The well had to be sidetracked since an 85/8-in. liner stuck about 1,000 ft (305 m) off bottom. A cement sidetrack plug was set from the top of the liner to above the 11¾-in. shoe. Drill pipe wiper balls were pumped behind the cement to prevent a cement sheath from forming inside the drill pipe.
Drilling the A-6 S/T2 build to horizontal
A bicenter bit driven by a bent housing mud motor was used to drill out the sidetrack cement plug. This change enabled drilling ahead after drilling out, making 963 ft (294 m) of hole to 15,387 ft (4,693 m) at 30.1 ft/hr. The 9½-in. by 11.4-in. RCLS/MWD BHA then was used to drill to 20,820 ft (6,350 m) MD, casing point at 88° inclination in one trip. The assembly drilled 5,433 ft (1,657 m) in 65½ hours at 82.9 ft/hr. No plugged nozzles or sleeve rotation problems occurred on this sidetrack. Based on real time and memory logs, this run was judged the best from the dynamic loading point of view.
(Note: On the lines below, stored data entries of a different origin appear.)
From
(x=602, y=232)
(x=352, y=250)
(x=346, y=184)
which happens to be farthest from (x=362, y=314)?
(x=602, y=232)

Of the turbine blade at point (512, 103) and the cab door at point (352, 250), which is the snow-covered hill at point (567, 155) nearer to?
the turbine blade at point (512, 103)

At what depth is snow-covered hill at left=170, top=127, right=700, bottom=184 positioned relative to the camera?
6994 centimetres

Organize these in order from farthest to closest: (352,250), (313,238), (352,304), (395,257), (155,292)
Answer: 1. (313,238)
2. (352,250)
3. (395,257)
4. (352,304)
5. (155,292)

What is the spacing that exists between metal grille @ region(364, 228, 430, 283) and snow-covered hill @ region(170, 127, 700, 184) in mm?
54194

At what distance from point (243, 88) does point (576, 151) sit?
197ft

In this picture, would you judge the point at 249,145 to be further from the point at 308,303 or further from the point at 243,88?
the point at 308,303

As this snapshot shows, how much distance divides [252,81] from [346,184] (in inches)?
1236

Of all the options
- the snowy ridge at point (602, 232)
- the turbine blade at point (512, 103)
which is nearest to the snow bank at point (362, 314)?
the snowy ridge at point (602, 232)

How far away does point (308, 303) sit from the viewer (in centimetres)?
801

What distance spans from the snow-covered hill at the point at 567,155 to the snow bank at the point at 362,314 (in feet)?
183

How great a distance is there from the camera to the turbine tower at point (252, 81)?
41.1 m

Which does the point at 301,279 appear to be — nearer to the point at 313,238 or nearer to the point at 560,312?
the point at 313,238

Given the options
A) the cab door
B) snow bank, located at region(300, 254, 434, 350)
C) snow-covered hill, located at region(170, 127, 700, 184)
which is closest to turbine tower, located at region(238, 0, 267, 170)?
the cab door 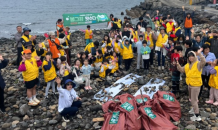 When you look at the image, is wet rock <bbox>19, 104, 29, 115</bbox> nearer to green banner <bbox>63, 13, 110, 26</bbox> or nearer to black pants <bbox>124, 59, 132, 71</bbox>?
black pants <bbox>124, 59, 132, 71</bbox>

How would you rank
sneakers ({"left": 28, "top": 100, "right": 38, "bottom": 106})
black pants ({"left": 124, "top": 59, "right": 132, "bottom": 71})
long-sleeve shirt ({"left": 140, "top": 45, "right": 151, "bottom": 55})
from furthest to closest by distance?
black pants ({"left": 124, "top": 59, "right": 132, "bottom": 71}) → long-sleeve shirt ({"left": 140, "top": 45, "right": 151, "bottom": 55}) → sneakers ({"left": 28, "top": 100, "right": 38, "bottom": 106})

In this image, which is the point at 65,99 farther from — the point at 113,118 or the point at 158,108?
the point at 158,108

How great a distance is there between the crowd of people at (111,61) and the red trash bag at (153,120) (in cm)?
Answer: 118

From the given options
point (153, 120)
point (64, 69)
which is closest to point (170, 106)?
point (153, 120)

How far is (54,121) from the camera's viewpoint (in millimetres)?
6539

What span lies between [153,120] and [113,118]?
1150 millimetres

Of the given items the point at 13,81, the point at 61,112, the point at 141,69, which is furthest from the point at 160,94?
the point at 13,81

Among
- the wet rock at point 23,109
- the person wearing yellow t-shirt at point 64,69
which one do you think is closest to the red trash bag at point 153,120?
the person wearing yellow t-shirt at point 64,69

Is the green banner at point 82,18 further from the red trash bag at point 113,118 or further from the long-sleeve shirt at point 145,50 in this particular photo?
the red trash bag at point 113,118

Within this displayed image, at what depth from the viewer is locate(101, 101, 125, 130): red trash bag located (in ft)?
17.8

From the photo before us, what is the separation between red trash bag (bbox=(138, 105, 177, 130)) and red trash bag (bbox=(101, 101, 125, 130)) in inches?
24.1

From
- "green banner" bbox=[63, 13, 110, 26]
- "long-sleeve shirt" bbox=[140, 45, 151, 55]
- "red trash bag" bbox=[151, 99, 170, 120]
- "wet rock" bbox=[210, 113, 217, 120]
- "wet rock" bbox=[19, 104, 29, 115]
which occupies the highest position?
"green banner" bbox=[63, 13, 110, 26]

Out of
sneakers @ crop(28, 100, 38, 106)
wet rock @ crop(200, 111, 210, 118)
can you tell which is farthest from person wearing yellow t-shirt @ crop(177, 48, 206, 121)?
sneakers @ crop(28, 100, 38, 106)

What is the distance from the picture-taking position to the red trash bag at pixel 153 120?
540cm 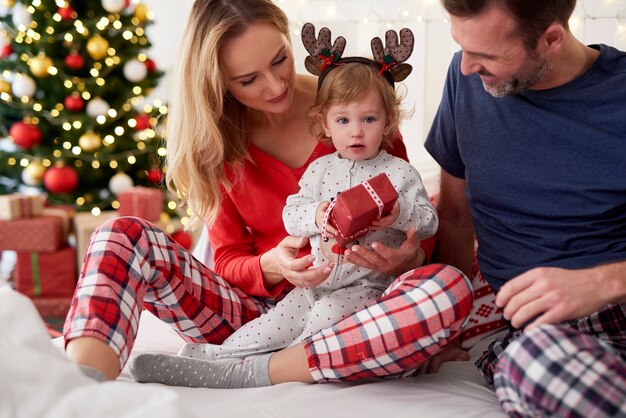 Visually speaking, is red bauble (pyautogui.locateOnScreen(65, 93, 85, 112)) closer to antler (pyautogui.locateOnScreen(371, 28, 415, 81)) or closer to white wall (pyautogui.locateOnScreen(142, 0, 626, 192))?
white wall (pyautogui.locateOnScreen(142, 0, 626, 192))

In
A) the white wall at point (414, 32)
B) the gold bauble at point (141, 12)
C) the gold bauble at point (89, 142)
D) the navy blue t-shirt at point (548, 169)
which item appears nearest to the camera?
the navy blue t-shirt at point (548, 169)

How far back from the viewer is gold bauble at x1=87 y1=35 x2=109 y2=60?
3564 millimetres

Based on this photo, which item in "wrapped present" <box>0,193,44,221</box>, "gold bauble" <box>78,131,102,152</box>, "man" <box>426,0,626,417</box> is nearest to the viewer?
"man" <box>426,0,626,417</box>

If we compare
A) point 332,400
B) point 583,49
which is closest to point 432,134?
point 583,49

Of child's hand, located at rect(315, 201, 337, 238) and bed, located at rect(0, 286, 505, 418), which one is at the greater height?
child's hand, located at rect(315, 201, 337, 238)

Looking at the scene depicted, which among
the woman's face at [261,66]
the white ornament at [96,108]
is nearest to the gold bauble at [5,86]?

An optimized blend of experiences from previous runs, bit selection, RWD and bit compatibility, drilling practices and parameters contributed to the reduced dynamic loading.
The 9½-in. by 11.4-in. RCLS/RWD system successfully drilled and opened about 20,000 ft (6,100 m) of hole at inclinations from 30° to 88°. The directional targets of the 3-D profile well were intersected at the desired inclination and azimuth. This drilling experience aids in making the following assessments:
• RCLS/RWD usage decreased interval cost per foot 50%, increased net ROP including connections 85%, and increased instantaneous on-bottom ROP 30%, compared to the best offset drilled with bent-housing mud motors and bicenter PDC bits;
• no MWD detection problems occurred due to the use of RWD sub and nozzles above the MWD tool;
• wireline caliper logs showed that combined RCLS/RWD system opened the hole to the planned diameter;
• the RCLS tool is capable of drilling greater than 7,000 ft (2,135 m) in a single run and achieving build rates of 7°/100ft;
• combined use of RCLS and RWD tools does not cause additional vibration that affects tool reliability; and
• drill pipe wiper balls or plugs should be pumped behind all cement jobs to prevent a cement sheath from forming inside the drill pipe and affecting the performance of the RCLS/RWD sub.
Acknowledgments
This article is based on paper SPE/IADC 67760, "First Simultaneous Application of Rotary Steerable/Ream-While-Drill on Ursa Horizontal Well," originally presented at the SPE/IADC Drilling Conference held in Amsterdam, the Netherlands, Feb. 27 - March 1, 2001. The authors thank Ursa partners (Shell, BP Amoco, Conoco, ExxonMobil) for permission to publish the paper.